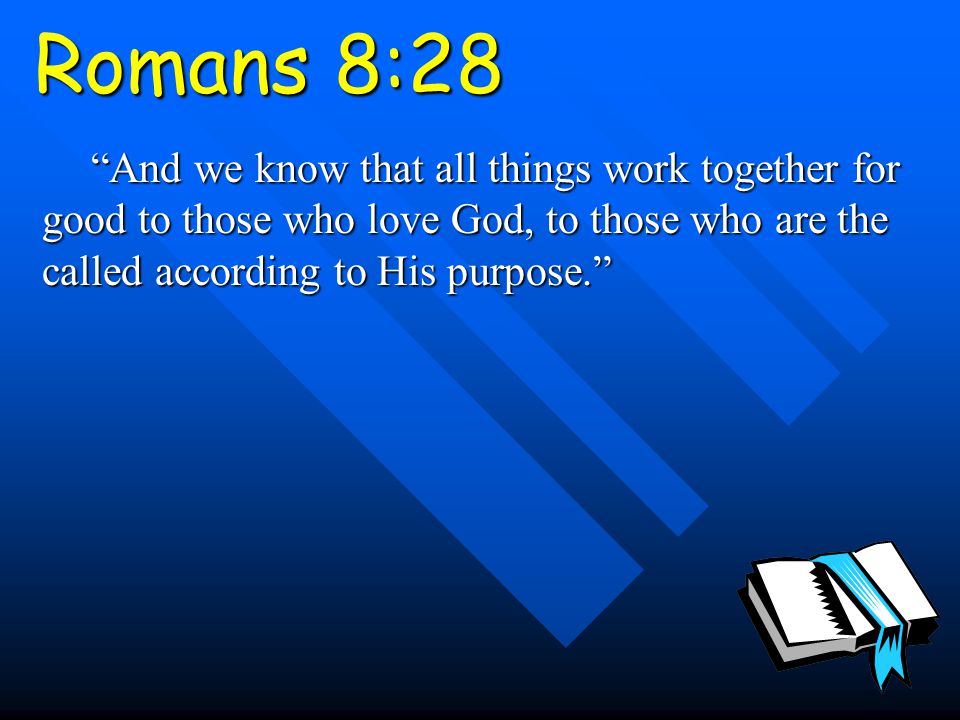 Romans 8:28 And we know that all things work together for good to those who love God, to those who are the called according to His purpose.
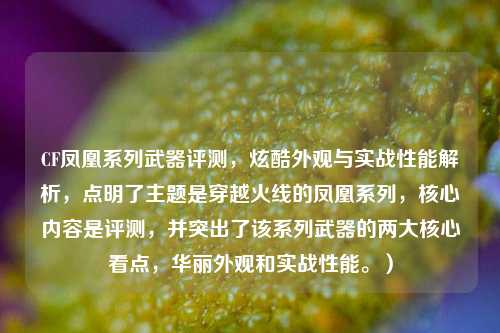 CF凤凰系列武器评测，炫酷外观与实战性能解析，点明了主题是穿越火线的凤凰系列，核心内容是评测，并突出了该系列武器的两大核心看点，华丽外观和实战性能。）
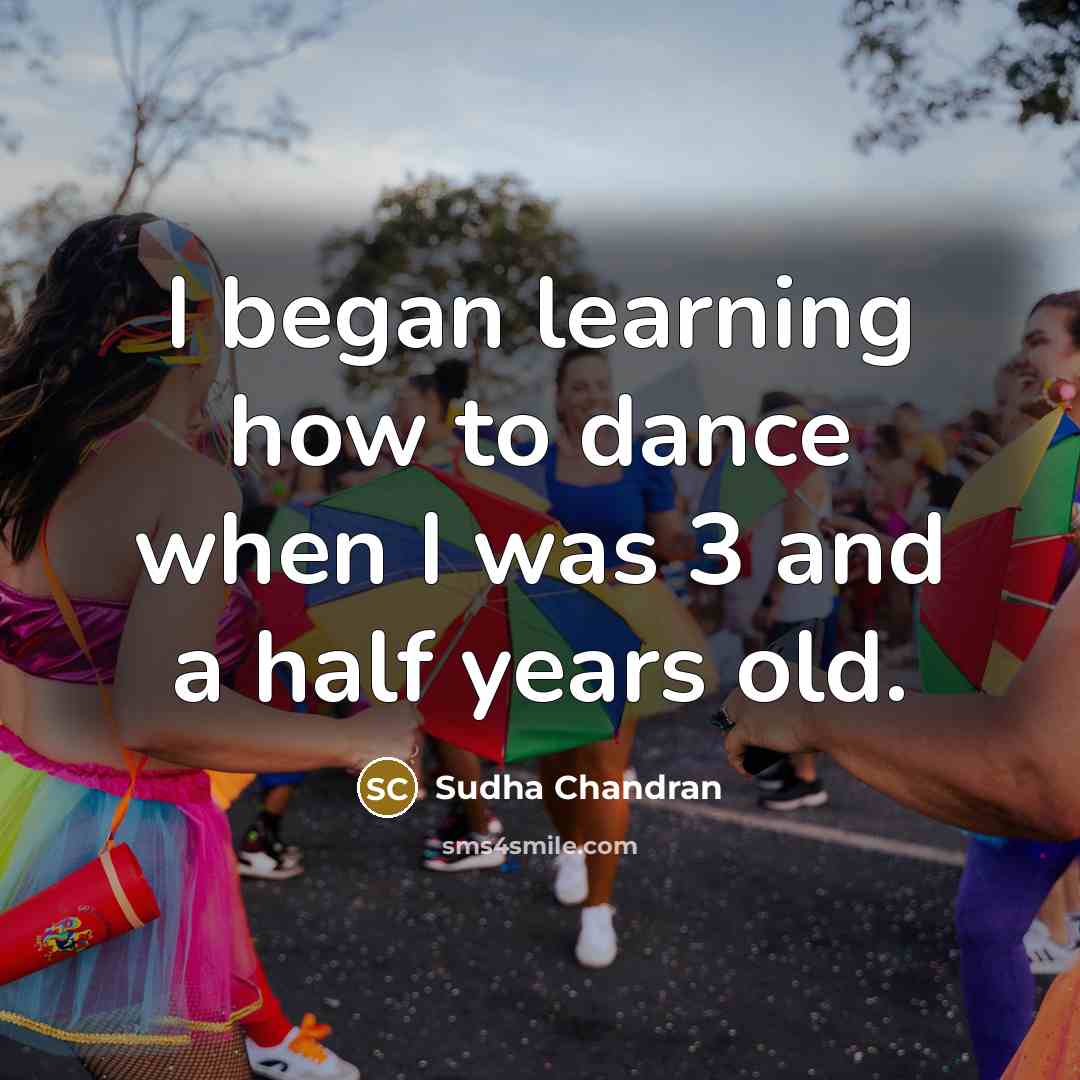 “I began learning how to dance when I was 3 and a half years old.” quote by Sudha Chandran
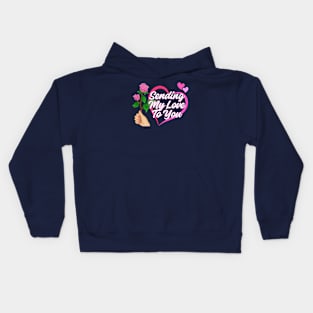 Sending My Love to You! Valentine Kids Hoodie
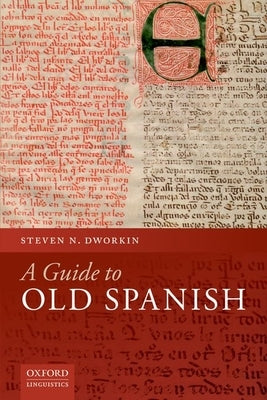 A Guide to Old Spanish by Dworkin, Steven N.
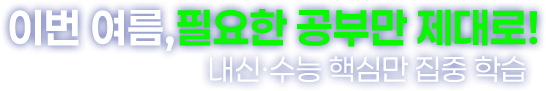 이번 여름, 필요한 공부만 제대로 ! 내신·수능 핵심만 집중 학습 !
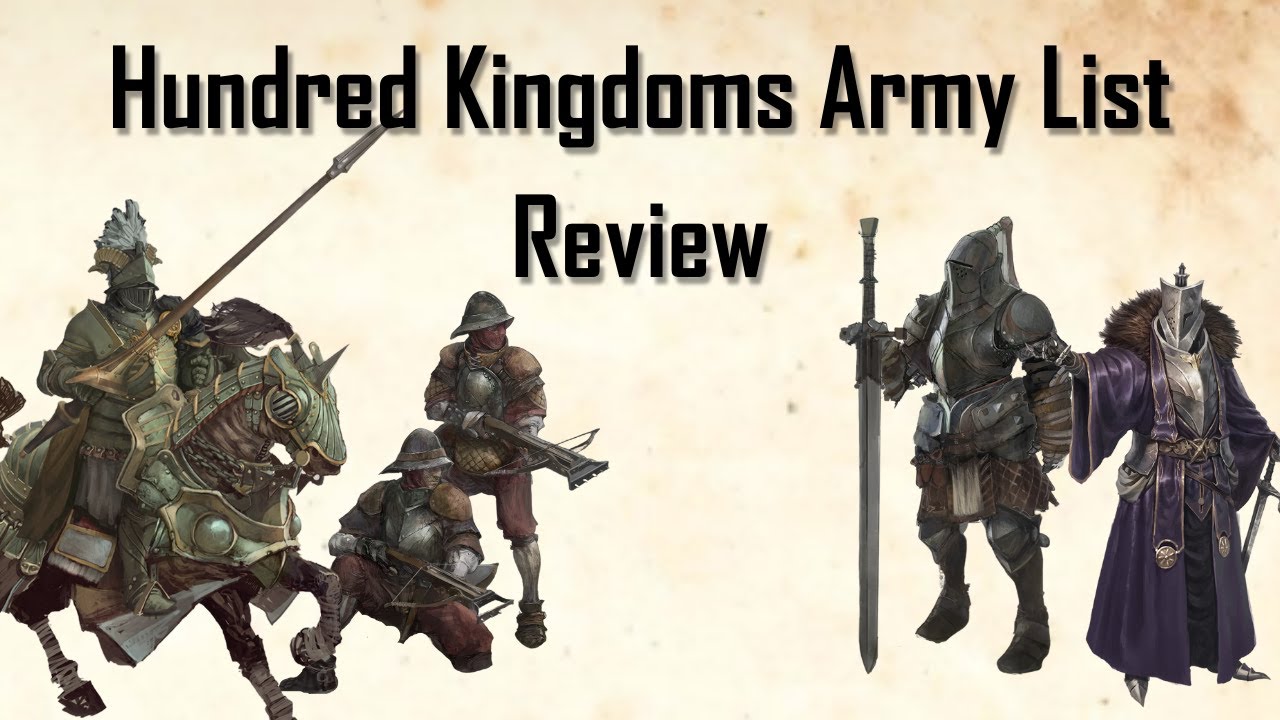 ***OLD*** Hundred Kingdoms Faction Focus/Army List Review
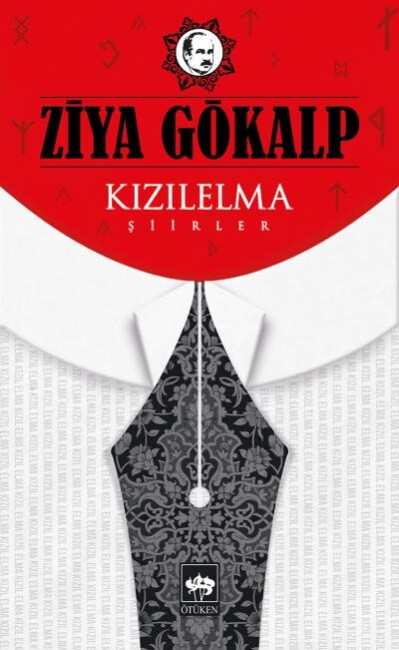 KIZIL ELMA ŞİİRLER.............Ziya GÖKALP - ÖTÜKEN NEŞRİYAT 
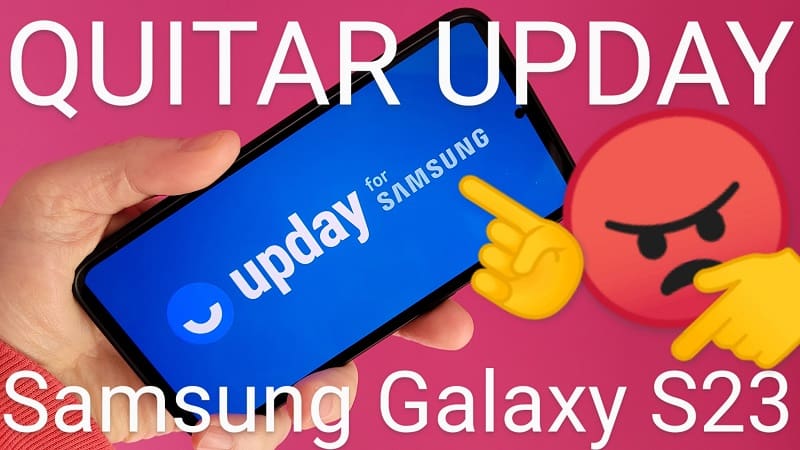 Quitar upday de samsung galaxy s23, s23 plus y s23 ultra.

◆ ◆ ◆ ◆ ◆

§ WHAT YOU ARE ASKED TO DO
Do not include pictures. Copy only the lines running from the line with "이번 여름, 필요한 공부만 제대로 ! 내신·수능 핵심만 집중 학습 !" through the last line of the records, exactly as they appear.

§ EXERCISE RESULT
 이번 여름, 필요한 공부만 제대로 ! 내신·수능 핵심만 집중 학습 !
 ***OLD*** Hundred Kingdoms Faction Focus/Army List Review
 KIZIL ELMA ŞİİRLER.............Ziya GÖKALP - ÖTÜKEN NEŞRİYAT 
 Quitar upday de samsung galaxy s23, s23 plus y s23 ultra.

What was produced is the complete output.